What you should do: Your task is to print all of the data below exactly, with no pictures included.

======== Given material ========

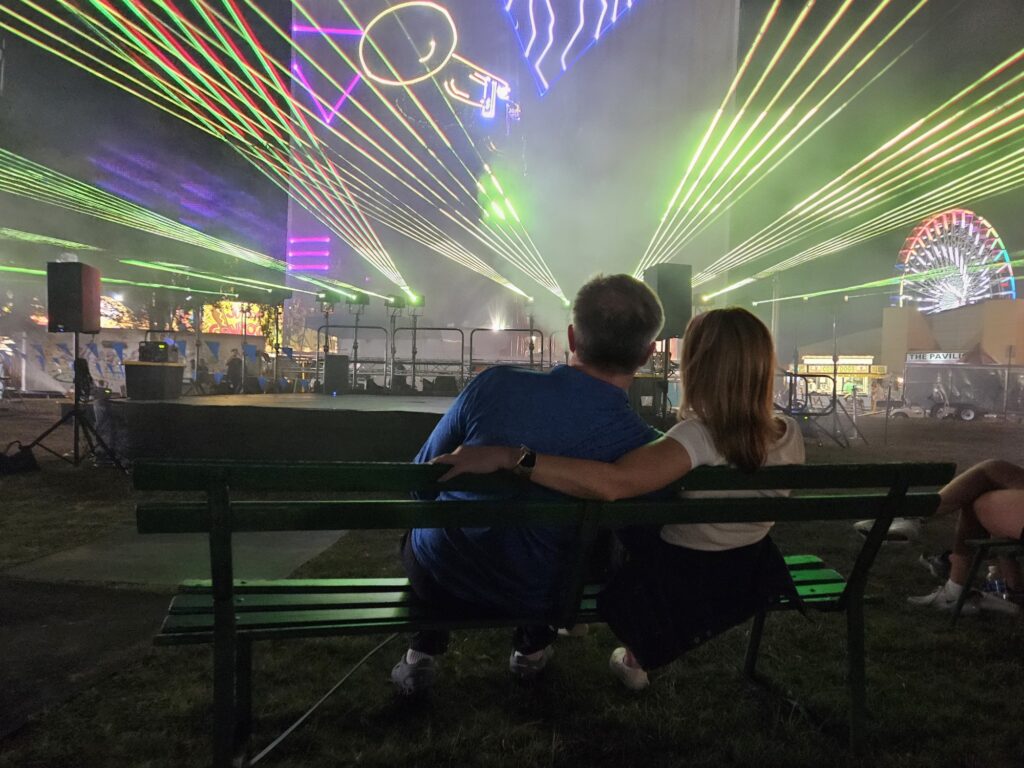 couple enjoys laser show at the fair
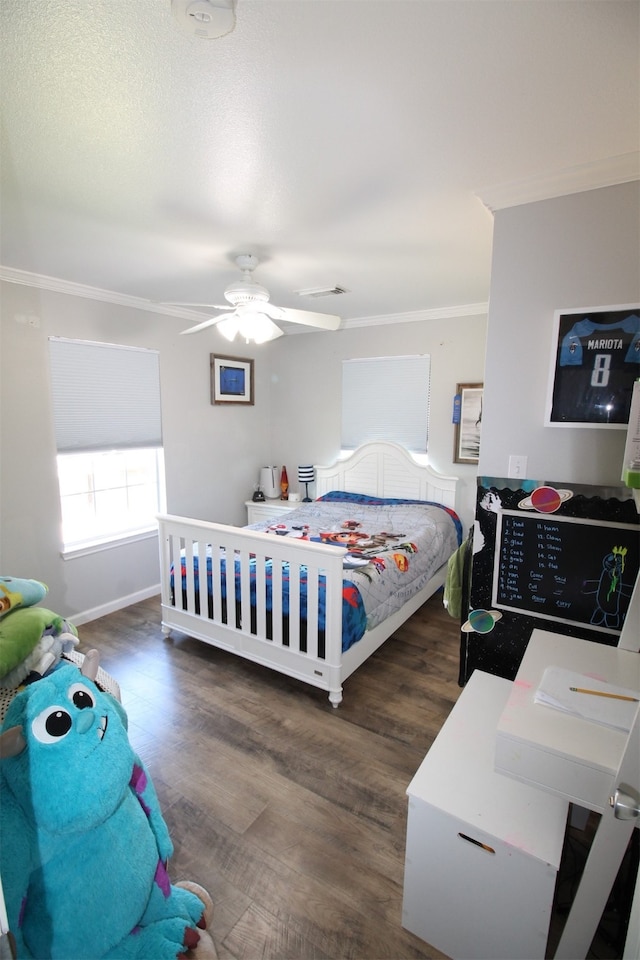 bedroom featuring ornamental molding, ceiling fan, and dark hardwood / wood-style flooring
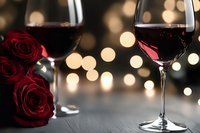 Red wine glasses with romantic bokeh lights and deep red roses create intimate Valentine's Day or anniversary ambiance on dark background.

========

Your response:
 couple enjoys laser show at the fair
 bedroom featuring ornamental molding, ceiling fan, and dark hardwood / wood-style flooring
 Red wine glasses with romantic bokeh lights and deep red roses create intimate Valentine's Day or anniversary ambiance on dark background.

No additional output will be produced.